● **Exercise requirements**
Which lines run from the line with "SPAHN GLÜHLAMPEN lemputė, indikatorius 2011" through the line with "Form DH-MQA1094 Nursing" in the entries below? Print them exactly, both ends included, and nothing more.

● **Extracted information**
********************

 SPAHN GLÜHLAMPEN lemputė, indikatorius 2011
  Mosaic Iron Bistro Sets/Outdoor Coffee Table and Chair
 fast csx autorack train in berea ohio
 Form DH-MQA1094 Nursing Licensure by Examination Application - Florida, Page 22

********************

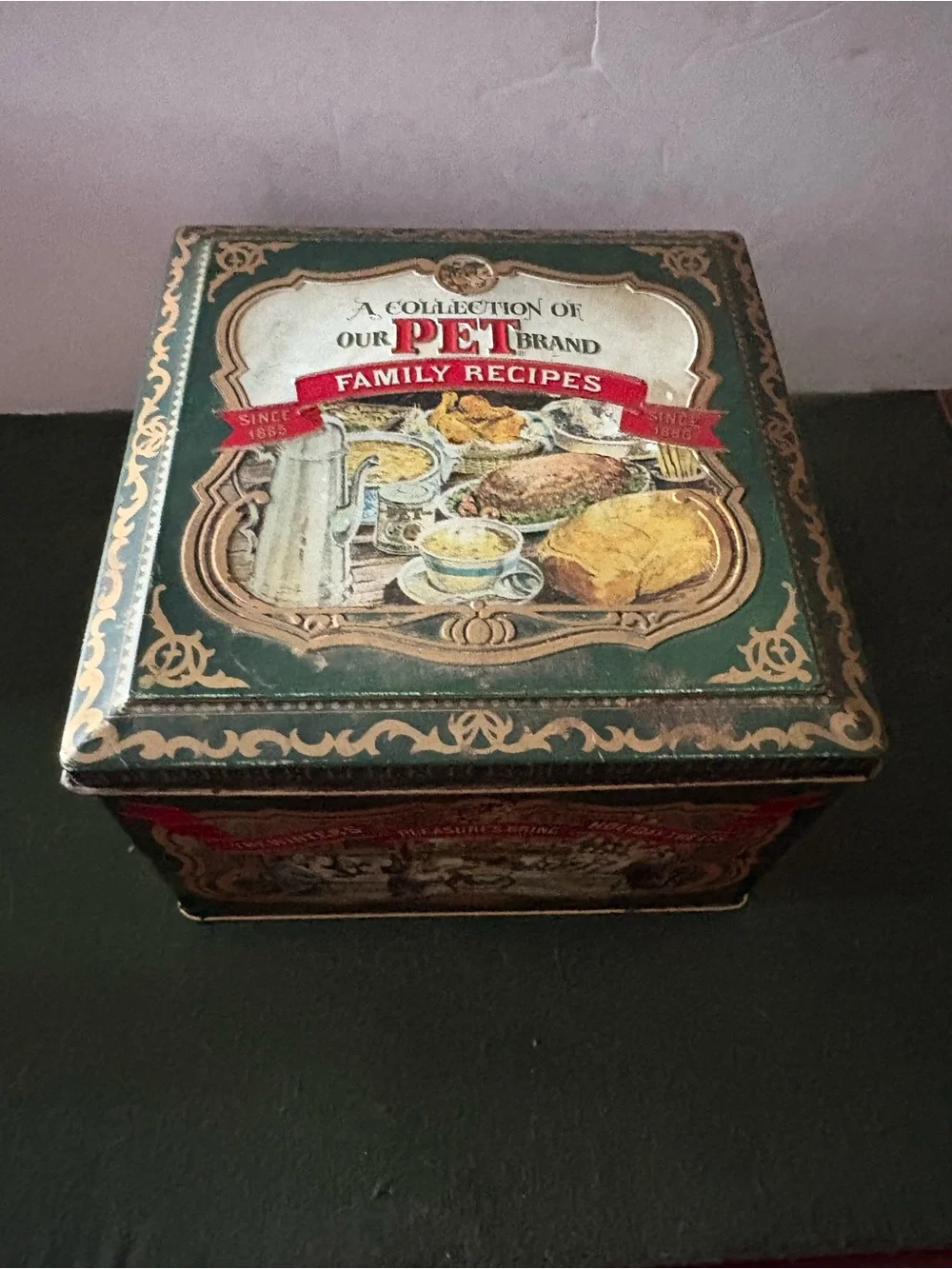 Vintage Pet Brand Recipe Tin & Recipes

********************

● **Exercise solution**
 SPAHN GLÜHLAMPEN lemputė, indikatorius 2011
  Mosaic Iron Bistro Sets/Outdoor Coffee Table and Chair
 fast csx autorack train in berea ohio
 Form DH-MQA1094 Nursing Licensure by Examination Application - Florida, Page 22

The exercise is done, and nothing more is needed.